Corrosive concréte noise fug from Estonian alchemist Mihkel Kleis, who splays ugly close-mic'd vox, horror movie synths and white noise bursts over screwed 'n damaged drum machine malfunctions and hard-edited squeals. Properly spannered material and not for the faint of heart - RIYL John Wiese, Aaron Dilloway, Pharmakon or Lussuria.
It's almost a slur to refer to Ratkiller's music as simply noise, but "Leather Squeaking Softly" is noisy as fuck. The Estonian producer - who moonlights as a museum security guard - adopts the aesthetic of industrial noise music, but augments it with the surrealist blur of sound collage as he haphazardly chops together angular jazz drums, melting ice recordings and filtered analog synth wails. It's like hearing a particularly adept DJ crack their fingers and take some risks on four decks, or like pushing yer head into a room while a band soundchecks, a radio is left on, a fridge is wide open and a CRT TV is flickering in the corner playing VHS tapes endlessly. Kleis describes the tape as a "rare glimpse into visions of being stuck in a whirlpool of forgotten debris and plastic remains, discarded non-recyclable objects and broken hi-fi equipment,".

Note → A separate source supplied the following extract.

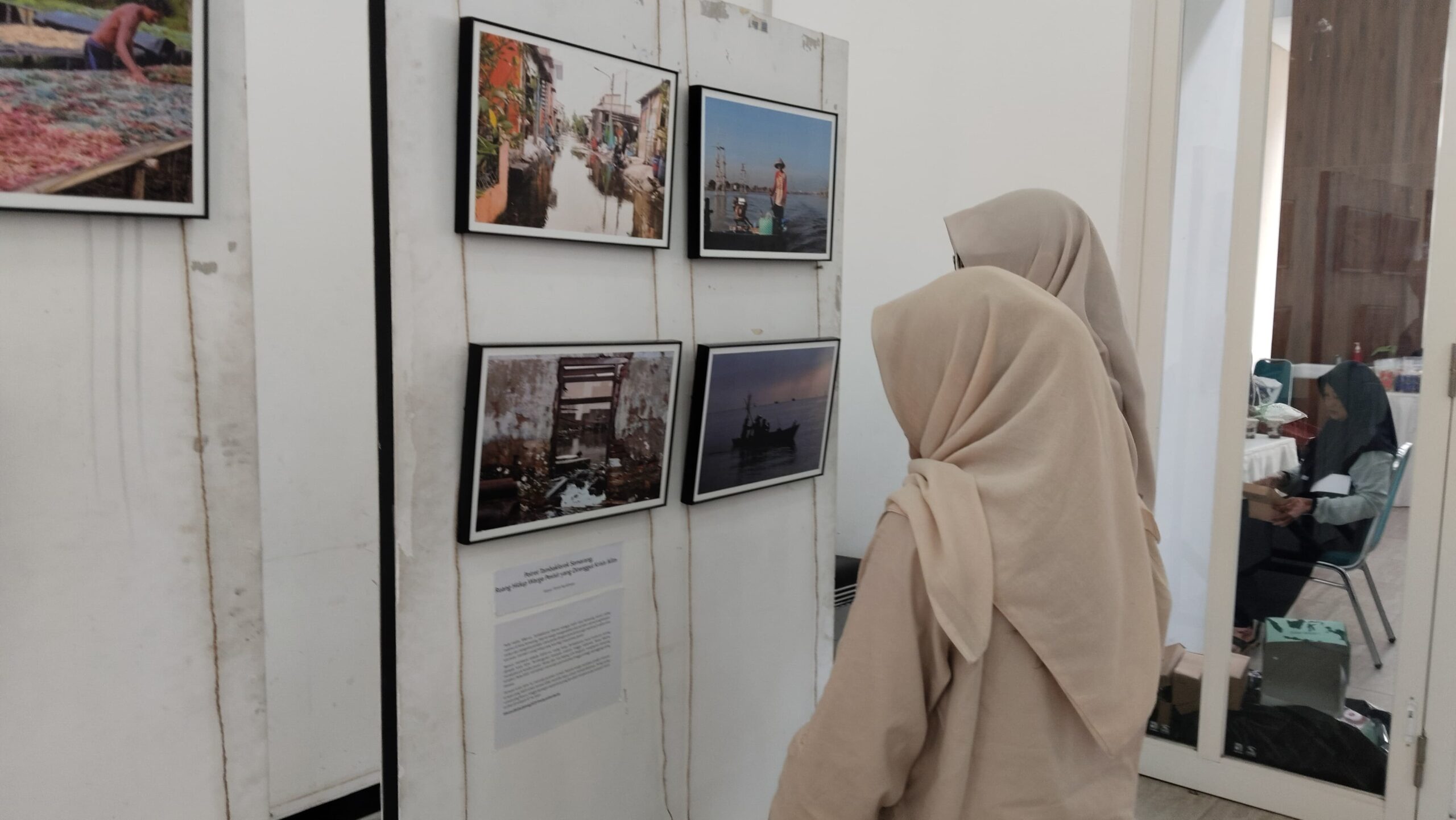 Pengunjung saat melihat foto di Festival Bahari Jateng 2025 di Kampus II Soegijapranata Catholic University (SCU) BSB,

The first side lurches thru soundscapes with conviction, cut-and-pasting garbled moans over ritual rhythms, and electrified car-crash/glass smash sounds over looped electronic pops and doomed FM drones. This isn't anonymous noise tape meandering: there's a palpable signature to Kleis's dense collages, harnessing the binary crunch of Mego's early catalog and drainpipe groan of a 1980s industrial tape simultaneously. But it's his carnivalesque, mischievous sense of excitement that makes "Leather Squeaking Softly" stand head and shoulders over the litany of noise albums. There's no self-satisfied posturing here, Kleis appears to be having fun challenging our expectations, inserting unanticipated blasts of sound and then removing them just as quickly as they appear
The second side is noticeably more psychedelic than the first, descending deeper into Kleis's sonic volcano with synthesized factory clangs, throaty gurgles, baby screams and tormented music box jangles. If this sounds nightmarish, it definitely is - but Kleis's sense of humor prevents it from feeling self-consciously dark. It's moody music, but produced with an awareness (and unique skill) that ends up fitting more snugly alongside the most delirious Aaron Dilloway jams, or John Wiese's hardcore-influenced concréte inversions. If you listen close enough, there's even a faint air of Fonal records' mystical forest psychedelia. Exactly our kinda shit, basically.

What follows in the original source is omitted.